What is Condensation?
Condensation is caused when water vapour in the air comes into contact with cold surfaces. Condensation is most likely to appear on windows, colder parts of the wall, around external door and window openings, and where ceilings and floors meet with outer walls. It can also appear in areas where air circulation is restricted, such as inside cupboards and behind furniture that is placed against an outside wall.
Where does the moisture come from?
Moisture is produced in the home from normal daily activities such as taking showers and baths, washing and drying clothes, cooking and boiling kettles. To give you an idea of how much water this is:
- 2 people at home for 1 day = 3 pints of water produced
- Cooking and boiling a kettle = 6 pints of water produced
- Having a bath or a shower = 2 pints of water produced
- Washing clothes = 1 pint of water produced
- Drying Clothes = 9 pints of water produced
How to reduce Condensation? Some simple steps to follow:-
- When you’re cooking or washing, keep the kitchen or bathroom doors closed to stop the steam from entering other rooms.
- To allow warm air to escape, open the windows in that room and close the door
- For better ventilation, leave the windows and doors slightly open while you’re sleeping. A person releases half a pint of water as vapour in their sleep. This vapour is another cause of condensation on windows in the mornings.
- Wipe condensation from window sills, tiled walls and shower stalls to prevent condensation black spots. Wash any spots that do appear regularly.
- Ensure you use your extractor fan in your home. If you need any advice on this please contact us.
- Put lids on saucepans while you are cooking to reduce steam and use your cooker hood extractor fan for ventilation.
- Avoid drying laundry on radiators. If drying clothes indoors, open the window and close the door of the room where the clothes are drying so that the moisture can escape outside rather than circulate around your home.

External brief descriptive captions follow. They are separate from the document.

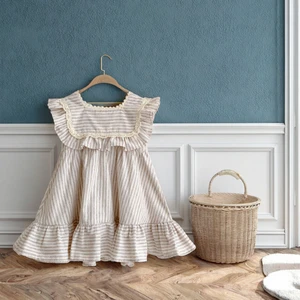 Summer Striped Ruffled Edge Girls' Loose-fitting Elegant Dress Baby Crawling Outfit Sister Clothes for Kids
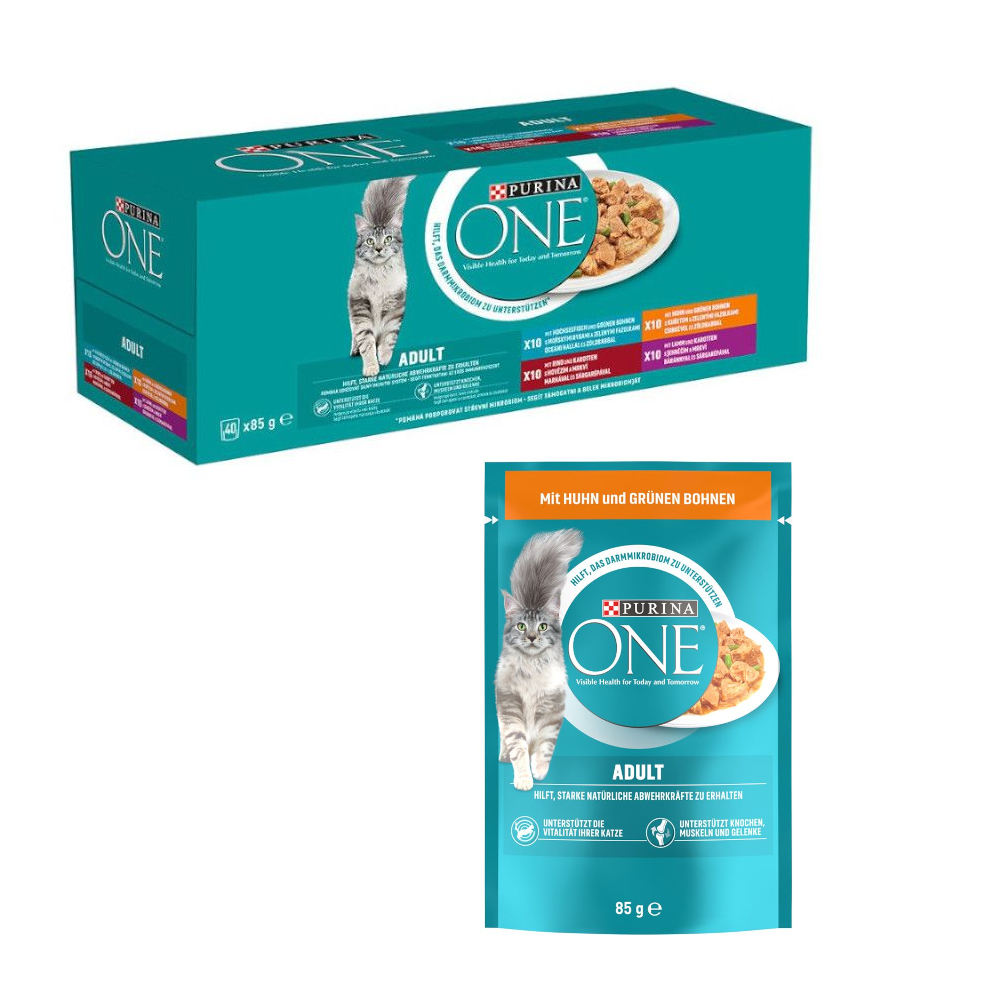40 x 85 g PURINA ONE Adult + 13 x 85 g passendes Nassfutter gratis! - 40 x 85 g Adult Mix + 13 x 85 g Adult Huhn & grüne Bohnen 40 x 85 g PURINA ONE Adult + 13 x 85 g passendes Nassfutter gratis! - 40 x 85 g Adult Mix + 13 x 85 g Adult Huhn & grüne Bohnen von Purina One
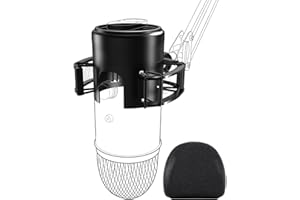 Etour Custom Built for Blue Yeti Shock Mount with Pop Filter, 2025 Upgrade Anti-Vibration Suspension Elastic Shock Mount Holder Clip Mics Stand with Screw Adapter Compatible with Yeti Microphone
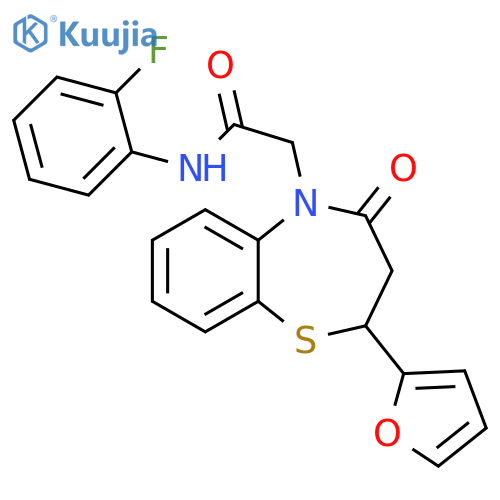 N-(2-fluorophenyl)-2-2-(furan-2-yl)-4-oxo-2,3,4,5-tetrahydro-1,5-benzothiazepin-5-ylacetamide structure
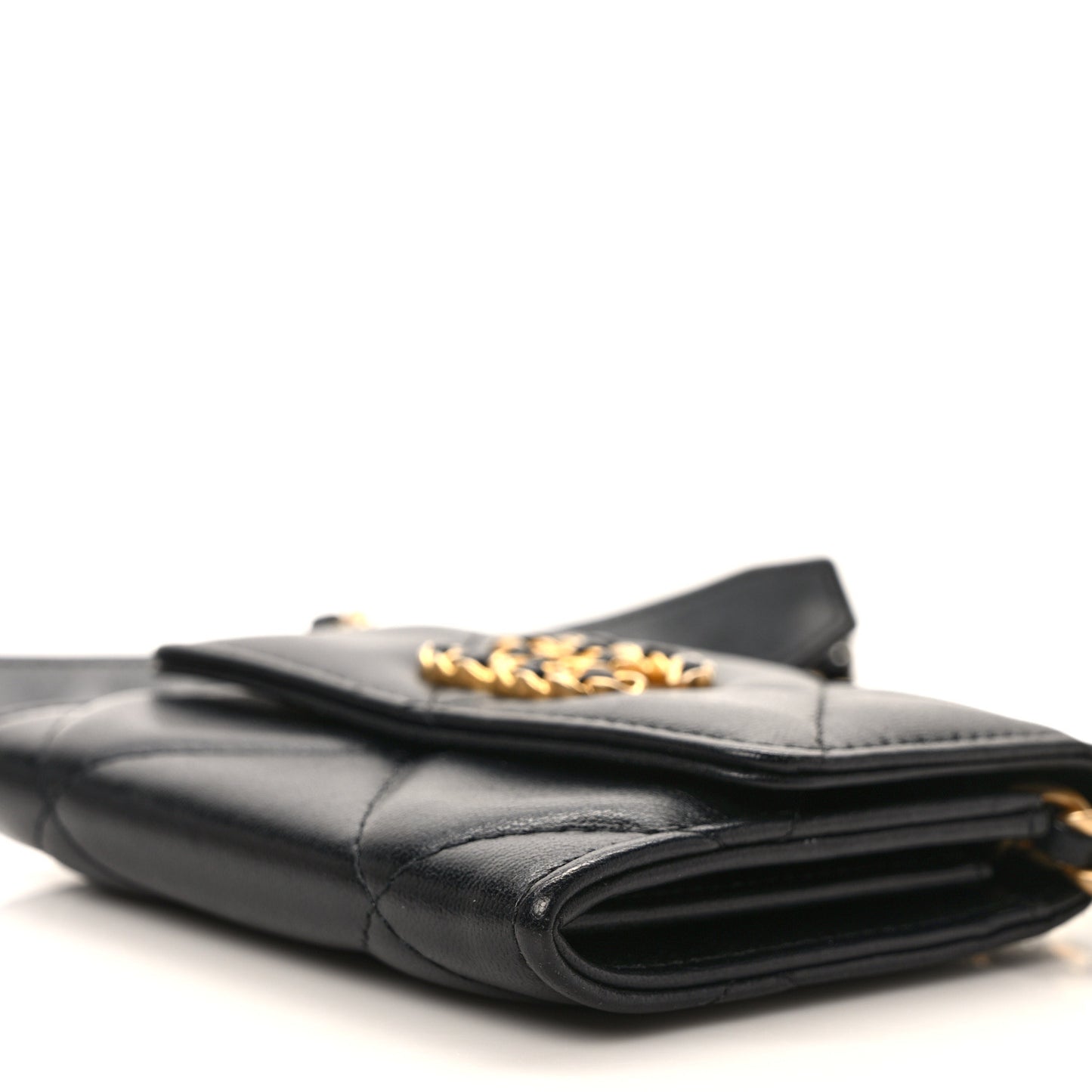 Lambskin Quilted Chanel 19 Flap Coin Purse With Chain Black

- If you use a tumble dryer, make sure it is properly vented to an open window.
- If your windows have trickle vents, keep them open to allow warm air to escape.
- Position any free-standing furniture (wardrobes and beds) against internal walls, as these are not as cold as walls that are exposed to the external elements.
Provide even heating
If your home is unoccupied during the day, it would help if the heating timer is set so that your home is warm by the time you return home. The temperature can be set a few degrees lower while you are out and turned up.when you return.
If you notice mould growing in your home, you should treat it straight away to stop it from spreading and causing damage to your home.
- Sterilise the affected area with a suitable fungicidal wash. You can buy this wash in most DIY stores and larger supermarkets. Please check the manufacturer’s instructions.
- If the treatment appears to have been successful, you can carry out any necessary re-decoration. If painting, use a good quality fungicidal paint to prevent mould, but remember that this will not be effective if it is later covered by ordinary paint or wallpaper. If wallpapering, use a paste containing a fungicide to prevent further mould growth.